When writing a date, a comma is used to separate the day from the month, and the date from the year.

July 4, 1776, was an important day in American history.

I was born on Sunday, May 12, 1968.

But if you’re writing the date in day-month-year format, you don’t need a comma.

The project will commence on 1 June 2018.

Here’s a tip:  Commas can be tricky, but they don’t have to trip you up. Grammarly’s writing assistant can help you make sure your punctuation, spelling, and grammar are tip-top in everything you write. Try Grammarly for free. 

Do use a comma if you’re including a day of the week with the date. Note the use of the comma after the date when it appears in the middle of a sentence.

On Friday, October 28, at four o’clock, we’ll have a small gathering in the office kitchen to celebrate Mark’s birthday.

Please come out on Saturday, April 15, 2017, to show your support for the marathon runners.

When you’re giving only a month and a year, you don’t need a comma.
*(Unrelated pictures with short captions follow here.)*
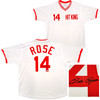 Cincinnati Reds Pete Rose Autographed White Jersey PR Holo Stock #202355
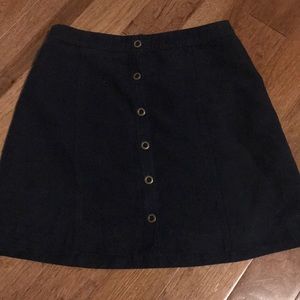 Navy blue suede skirt
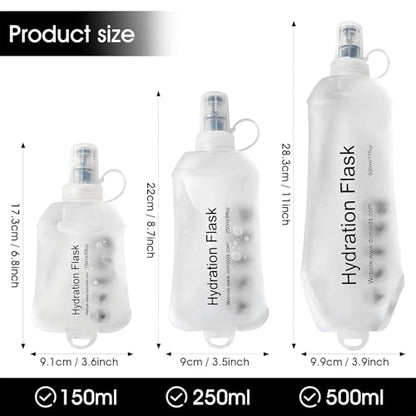 GUYI GYGYL Soft Flask Collapsible Water Bottle for Sports, 500ml White 2pcs - color: 2Pcs 500ml White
I haven’t seen this much snow since January 2002.

Notice how in our examples above, the dates are expressed as cardinals, not ordinals—as in, there’s no th, rd, or nd after the numeral: April 15, 2017 instead of April 15th, 2017. In formal writing, always express cardinal numbers in dates, even though when we might say a date out loud we express it as an ordinal: “January third.” 

If you use a construction with of, it is OK to use an ordinal number. It is also acceptable to use an ordinal number when referring to a specific day without referring to the month.

Xiomara gave birth on the 10th of June.

Xiomara’s baby was born on the tenth.

When you’re expressing a date in this way, with the ordinal before the month, you don’t need a comma.